Гастингс покачнулся и схватился за спинку кресла, чтобы не упасть.
— Ты уверена, что ее нигде нет? — спросил он наконец. — Парк обыскан?
— Разве я смела так сделать? — спросила Марианна. — Разве я не должна во что бы то ни стало сохранять тайну?
Гастингс обнял ее.
— Ты отлично поступила, Марианна. Единственное, что нам остается, — это гордость. Все можно перенести, если мы сумеем избавиться от радости врагов и притворного участия друзей. Подожди минуточку, я сейчас вернусь.
Через внутренний коридор он возвратился в свой рабочий кабинет и позвонил. По звонку, начинавшему его деловой день, обыкновенно входил к нему капитан Синдгэм, но сегодня появился первый секретарь его канцелярии.
— Разве капитана еще нет? — спросил Гастингс.
— Мы не знаем, но он до сих пор не явился, обыкновенно он приходил гораздо раньше.
— Я прошу его немедленно прийти.
Гастингс привык к более скорому исполнению своих приказаний, и теперь до возвращения секретаря каждая минута казалась ему целой вечностью.
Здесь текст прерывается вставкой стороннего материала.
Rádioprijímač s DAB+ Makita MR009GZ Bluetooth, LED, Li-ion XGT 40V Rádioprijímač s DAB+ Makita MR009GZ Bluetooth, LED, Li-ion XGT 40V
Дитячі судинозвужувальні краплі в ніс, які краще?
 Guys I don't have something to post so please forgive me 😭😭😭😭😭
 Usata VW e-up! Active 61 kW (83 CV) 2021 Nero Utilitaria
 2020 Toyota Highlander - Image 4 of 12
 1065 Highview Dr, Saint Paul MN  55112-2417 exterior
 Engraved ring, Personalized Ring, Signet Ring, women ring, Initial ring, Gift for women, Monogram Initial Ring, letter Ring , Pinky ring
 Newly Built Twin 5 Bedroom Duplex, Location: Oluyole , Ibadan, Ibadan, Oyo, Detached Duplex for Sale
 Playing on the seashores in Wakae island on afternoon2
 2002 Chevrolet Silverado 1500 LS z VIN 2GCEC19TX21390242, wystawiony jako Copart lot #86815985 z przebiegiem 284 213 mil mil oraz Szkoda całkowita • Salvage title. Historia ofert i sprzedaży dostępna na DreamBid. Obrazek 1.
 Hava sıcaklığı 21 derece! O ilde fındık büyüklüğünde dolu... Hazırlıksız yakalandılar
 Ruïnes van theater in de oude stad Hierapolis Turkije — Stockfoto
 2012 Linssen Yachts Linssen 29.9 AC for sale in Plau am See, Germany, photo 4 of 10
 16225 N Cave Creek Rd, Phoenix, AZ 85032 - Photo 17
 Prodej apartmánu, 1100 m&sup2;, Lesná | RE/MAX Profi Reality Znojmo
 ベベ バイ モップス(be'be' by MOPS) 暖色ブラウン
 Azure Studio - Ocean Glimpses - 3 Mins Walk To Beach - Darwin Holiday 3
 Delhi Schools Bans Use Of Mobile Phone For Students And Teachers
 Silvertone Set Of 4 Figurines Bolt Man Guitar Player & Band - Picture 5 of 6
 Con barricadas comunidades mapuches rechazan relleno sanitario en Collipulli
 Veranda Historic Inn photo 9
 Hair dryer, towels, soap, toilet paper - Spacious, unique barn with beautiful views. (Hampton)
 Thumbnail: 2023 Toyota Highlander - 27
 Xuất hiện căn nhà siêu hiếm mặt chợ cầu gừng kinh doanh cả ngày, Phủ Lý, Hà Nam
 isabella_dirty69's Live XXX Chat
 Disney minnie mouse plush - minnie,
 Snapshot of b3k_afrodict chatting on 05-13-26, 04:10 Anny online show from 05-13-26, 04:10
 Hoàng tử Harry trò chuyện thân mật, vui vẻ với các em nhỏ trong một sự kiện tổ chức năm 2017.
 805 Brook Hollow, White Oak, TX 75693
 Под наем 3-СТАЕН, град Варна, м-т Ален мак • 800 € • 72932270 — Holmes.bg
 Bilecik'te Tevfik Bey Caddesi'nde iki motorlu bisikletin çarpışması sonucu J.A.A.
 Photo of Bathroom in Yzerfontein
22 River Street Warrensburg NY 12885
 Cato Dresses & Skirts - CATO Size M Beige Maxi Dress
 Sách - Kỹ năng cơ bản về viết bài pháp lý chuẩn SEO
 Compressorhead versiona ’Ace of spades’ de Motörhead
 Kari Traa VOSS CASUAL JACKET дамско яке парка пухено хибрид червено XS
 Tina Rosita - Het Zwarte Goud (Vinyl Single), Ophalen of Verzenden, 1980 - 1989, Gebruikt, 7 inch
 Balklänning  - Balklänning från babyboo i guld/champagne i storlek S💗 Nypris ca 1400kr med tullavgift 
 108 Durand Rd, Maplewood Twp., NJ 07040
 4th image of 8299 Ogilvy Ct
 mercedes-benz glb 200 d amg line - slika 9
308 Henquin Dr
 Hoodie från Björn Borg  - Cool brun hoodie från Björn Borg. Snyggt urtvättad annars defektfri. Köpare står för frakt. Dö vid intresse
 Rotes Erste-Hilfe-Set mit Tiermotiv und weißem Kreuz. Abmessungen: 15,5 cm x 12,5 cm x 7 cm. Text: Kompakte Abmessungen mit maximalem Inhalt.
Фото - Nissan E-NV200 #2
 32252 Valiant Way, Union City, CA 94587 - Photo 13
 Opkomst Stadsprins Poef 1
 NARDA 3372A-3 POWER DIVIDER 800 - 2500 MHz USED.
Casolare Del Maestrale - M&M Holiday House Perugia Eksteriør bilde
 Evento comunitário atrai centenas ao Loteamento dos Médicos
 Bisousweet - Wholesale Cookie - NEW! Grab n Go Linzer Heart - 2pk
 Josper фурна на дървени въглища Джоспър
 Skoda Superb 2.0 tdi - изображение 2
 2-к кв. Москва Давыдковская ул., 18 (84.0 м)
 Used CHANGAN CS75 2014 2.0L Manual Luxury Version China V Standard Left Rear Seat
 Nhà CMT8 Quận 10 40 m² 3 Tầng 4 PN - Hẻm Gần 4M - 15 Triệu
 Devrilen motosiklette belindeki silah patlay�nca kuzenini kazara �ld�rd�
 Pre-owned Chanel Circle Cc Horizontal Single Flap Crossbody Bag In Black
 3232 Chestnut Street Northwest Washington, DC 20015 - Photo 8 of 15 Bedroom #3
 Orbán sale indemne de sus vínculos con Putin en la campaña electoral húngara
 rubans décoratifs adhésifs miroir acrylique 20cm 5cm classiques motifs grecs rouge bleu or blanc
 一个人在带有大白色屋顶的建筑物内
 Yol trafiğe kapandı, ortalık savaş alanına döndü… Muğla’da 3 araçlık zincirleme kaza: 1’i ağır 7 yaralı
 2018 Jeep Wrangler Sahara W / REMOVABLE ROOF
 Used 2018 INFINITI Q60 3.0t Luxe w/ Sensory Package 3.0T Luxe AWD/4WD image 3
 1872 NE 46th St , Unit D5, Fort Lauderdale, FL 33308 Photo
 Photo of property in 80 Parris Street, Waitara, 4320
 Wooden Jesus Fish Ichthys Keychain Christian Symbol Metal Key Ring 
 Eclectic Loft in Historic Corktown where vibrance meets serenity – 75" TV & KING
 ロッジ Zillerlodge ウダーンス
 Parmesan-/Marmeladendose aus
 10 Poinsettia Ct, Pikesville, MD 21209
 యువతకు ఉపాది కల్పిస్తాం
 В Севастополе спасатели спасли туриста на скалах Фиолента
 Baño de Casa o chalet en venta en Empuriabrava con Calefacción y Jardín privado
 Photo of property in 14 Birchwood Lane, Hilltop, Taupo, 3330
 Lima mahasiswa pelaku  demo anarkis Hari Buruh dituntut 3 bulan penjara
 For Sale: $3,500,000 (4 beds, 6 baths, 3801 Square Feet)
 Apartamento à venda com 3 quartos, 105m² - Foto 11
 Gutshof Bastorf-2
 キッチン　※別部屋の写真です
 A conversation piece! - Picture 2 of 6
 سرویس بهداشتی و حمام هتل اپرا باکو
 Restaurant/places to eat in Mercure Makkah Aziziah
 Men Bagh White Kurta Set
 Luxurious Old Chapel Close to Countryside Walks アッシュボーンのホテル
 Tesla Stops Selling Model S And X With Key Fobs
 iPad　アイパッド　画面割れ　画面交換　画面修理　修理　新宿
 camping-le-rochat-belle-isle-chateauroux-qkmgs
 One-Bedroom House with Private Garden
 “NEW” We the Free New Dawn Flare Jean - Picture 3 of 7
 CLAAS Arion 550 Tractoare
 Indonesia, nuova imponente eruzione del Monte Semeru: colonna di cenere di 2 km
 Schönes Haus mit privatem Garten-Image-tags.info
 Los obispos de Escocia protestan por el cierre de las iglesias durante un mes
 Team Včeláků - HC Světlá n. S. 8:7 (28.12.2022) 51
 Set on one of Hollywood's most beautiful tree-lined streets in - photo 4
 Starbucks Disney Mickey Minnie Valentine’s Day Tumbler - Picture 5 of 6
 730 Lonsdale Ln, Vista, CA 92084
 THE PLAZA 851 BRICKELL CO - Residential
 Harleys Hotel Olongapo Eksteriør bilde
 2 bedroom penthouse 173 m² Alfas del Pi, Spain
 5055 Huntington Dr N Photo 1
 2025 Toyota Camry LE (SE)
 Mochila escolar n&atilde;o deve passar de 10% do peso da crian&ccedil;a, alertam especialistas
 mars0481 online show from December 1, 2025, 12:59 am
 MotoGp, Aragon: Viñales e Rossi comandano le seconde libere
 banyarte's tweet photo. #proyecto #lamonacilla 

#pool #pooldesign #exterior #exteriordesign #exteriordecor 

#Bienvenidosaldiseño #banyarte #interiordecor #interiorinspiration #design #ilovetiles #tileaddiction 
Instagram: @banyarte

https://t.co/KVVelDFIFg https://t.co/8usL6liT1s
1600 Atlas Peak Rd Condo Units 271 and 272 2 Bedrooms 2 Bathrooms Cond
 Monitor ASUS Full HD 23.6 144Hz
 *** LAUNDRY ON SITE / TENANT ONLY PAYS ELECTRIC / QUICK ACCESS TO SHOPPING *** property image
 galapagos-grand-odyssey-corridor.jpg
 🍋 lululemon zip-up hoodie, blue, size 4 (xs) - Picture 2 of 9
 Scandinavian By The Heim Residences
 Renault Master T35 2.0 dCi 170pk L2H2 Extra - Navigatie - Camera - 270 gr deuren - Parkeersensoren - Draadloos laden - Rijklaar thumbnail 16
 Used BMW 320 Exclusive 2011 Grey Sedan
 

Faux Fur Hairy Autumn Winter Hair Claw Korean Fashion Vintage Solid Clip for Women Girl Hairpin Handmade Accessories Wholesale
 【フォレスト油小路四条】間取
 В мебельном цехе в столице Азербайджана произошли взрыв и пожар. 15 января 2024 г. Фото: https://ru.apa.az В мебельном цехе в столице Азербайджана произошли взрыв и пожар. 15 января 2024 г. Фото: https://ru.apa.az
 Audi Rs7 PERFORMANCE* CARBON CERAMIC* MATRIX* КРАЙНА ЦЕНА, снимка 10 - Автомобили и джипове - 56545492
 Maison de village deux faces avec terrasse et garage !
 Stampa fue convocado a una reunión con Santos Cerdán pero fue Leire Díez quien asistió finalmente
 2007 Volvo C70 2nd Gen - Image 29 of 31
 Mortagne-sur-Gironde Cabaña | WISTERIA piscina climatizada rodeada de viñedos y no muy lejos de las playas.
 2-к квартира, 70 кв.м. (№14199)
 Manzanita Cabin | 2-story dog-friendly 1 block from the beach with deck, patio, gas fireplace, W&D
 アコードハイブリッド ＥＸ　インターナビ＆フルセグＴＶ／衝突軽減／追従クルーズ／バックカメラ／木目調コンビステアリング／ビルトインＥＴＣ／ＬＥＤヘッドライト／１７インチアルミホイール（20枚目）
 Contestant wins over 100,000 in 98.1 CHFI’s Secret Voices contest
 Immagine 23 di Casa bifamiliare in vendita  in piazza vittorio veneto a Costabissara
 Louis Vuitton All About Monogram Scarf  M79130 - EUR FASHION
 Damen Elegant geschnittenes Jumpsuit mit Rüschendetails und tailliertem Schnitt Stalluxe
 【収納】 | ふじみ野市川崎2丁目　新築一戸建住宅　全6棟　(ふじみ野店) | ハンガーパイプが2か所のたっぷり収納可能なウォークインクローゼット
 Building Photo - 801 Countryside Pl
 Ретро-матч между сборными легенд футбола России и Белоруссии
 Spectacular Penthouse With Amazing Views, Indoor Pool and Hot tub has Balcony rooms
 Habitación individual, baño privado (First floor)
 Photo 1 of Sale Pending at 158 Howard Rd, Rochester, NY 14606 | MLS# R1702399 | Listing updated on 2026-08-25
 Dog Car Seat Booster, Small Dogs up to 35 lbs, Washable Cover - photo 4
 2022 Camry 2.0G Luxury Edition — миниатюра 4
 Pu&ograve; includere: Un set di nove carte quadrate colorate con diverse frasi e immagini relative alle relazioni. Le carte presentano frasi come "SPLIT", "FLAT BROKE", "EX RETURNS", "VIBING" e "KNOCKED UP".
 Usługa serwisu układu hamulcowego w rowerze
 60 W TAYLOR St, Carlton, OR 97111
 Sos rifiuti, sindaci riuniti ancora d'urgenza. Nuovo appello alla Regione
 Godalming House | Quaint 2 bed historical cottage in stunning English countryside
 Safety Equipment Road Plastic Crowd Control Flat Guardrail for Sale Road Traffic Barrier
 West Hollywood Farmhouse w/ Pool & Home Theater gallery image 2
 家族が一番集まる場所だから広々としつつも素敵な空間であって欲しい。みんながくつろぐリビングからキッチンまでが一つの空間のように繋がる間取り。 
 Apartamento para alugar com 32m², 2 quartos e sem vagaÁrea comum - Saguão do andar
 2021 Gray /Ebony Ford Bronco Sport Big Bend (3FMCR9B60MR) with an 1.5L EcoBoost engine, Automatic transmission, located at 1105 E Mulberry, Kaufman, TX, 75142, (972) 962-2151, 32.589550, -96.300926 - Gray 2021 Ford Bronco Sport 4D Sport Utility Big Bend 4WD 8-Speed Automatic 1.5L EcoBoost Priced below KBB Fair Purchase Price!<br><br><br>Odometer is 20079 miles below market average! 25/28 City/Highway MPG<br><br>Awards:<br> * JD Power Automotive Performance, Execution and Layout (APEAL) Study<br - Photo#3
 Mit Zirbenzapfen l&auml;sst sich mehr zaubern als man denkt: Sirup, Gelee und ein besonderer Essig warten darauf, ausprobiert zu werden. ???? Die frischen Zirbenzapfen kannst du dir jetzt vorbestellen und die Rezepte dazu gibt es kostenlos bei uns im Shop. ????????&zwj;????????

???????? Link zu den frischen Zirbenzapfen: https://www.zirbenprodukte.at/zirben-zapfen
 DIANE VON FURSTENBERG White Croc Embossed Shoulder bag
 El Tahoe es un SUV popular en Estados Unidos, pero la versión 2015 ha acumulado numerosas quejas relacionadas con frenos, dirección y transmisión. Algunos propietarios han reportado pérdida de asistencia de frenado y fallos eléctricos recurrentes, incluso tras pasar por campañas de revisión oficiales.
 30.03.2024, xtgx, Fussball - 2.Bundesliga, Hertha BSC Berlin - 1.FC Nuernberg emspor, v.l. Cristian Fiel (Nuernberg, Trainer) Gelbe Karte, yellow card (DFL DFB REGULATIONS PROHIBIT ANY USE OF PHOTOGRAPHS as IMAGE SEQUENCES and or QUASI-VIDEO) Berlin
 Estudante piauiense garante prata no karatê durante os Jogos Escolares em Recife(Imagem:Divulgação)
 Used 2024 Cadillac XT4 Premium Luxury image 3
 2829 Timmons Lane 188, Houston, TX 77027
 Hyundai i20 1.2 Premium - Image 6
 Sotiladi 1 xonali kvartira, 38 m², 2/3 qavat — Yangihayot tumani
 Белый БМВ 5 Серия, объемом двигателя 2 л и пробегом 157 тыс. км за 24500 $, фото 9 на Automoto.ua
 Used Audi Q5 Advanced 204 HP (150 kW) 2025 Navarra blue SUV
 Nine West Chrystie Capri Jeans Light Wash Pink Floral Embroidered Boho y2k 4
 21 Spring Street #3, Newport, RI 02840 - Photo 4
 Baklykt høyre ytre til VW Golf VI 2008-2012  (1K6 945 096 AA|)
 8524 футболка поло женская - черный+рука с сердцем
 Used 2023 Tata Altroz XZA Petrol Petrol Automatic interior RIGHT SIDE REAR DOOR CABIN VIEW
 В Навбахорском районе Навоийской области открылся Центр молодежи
Наконец секретарь вновь вошел с испуганным и расстроенным лицом.
— Капитана нигде не нашли, ваше превосходительство. Комната его пуста, и никто не видел ни его, ни его слуги.
Гастингс нагнулся над письменным столом, как бы еще раз просматривая лежавшие перед ним запечатанные депеши. Затем он поднял голову и сказал совершенно спокойным голосом:
— Ах да, ведь я совершенно забыл, что капитан простился уже. Он хотел отправиться на корабль. Пошлите мне дежурного офицера!
Вошел молодой офицер, удивленный неожиданным приказанием губернатора.
— Вы должны немедленно отправиться в Лондон, лейтенант Бантам, — сообщил Гастингс, — и прямо отсюда сесть на стоящий в гавани и готовый к отплытию корабль.
— Я, как всегда, в полном распоряжении вашего превосходительства, — ответил крайне удивленный офицер, — но осмелюсь заметить, что здесь, на дежурстве, у меня нет ничего, даже самого необходимого для такого путешествия.
— Я пошлю к вам на квартиру, и через час вы получите все, что вам понадобится. Вот, — добавил он, — этого вам хватит на ваше путешествие.
Он протянул лейтенанту несколько банковских билетов и слитков золота.
— В Лондоне мой агент майор Скотт предоставит в ваше распоряжение все необходимое.
— Я готов, — вытянулся по-военному лейтенант.
— Вот депеши, — продолжал Гастингс. — Вы передадите директорам компании; а здесь, пока вы не сядете на корабль, вы никому не будете говорить о вашем путешествии, никому, понимаете?
— Приказание вашего превосходительства будет исполнено, — ответил лейтенант, беря деньги из рук Гастингса.
— Да, — остановил его Гастингс, — у меня есть еще одно поручение, которое вы должны сохранить в тайниках вашей души. Очень возможно, что на корабле окажется капитан Синдгэм.
— Капитан Синдгэм?
— Если вы его там найдете, — продолжал Гастингс, — а я даю вам полномочие обыскать корабль, — то вы арестуете его моим именем и привезете сюда — живым или мертвым. При его сопротивлении обратитесь за помощью к командиру судна… Вы доставите сюда капитана, — добавил он дрожащим голосом, — живым или мертвым, а также и всякого, кто будет находиться при нем.
Крайнее изумление отразилось на лице лейтенанта Бантама, но он лишь молча поклонился.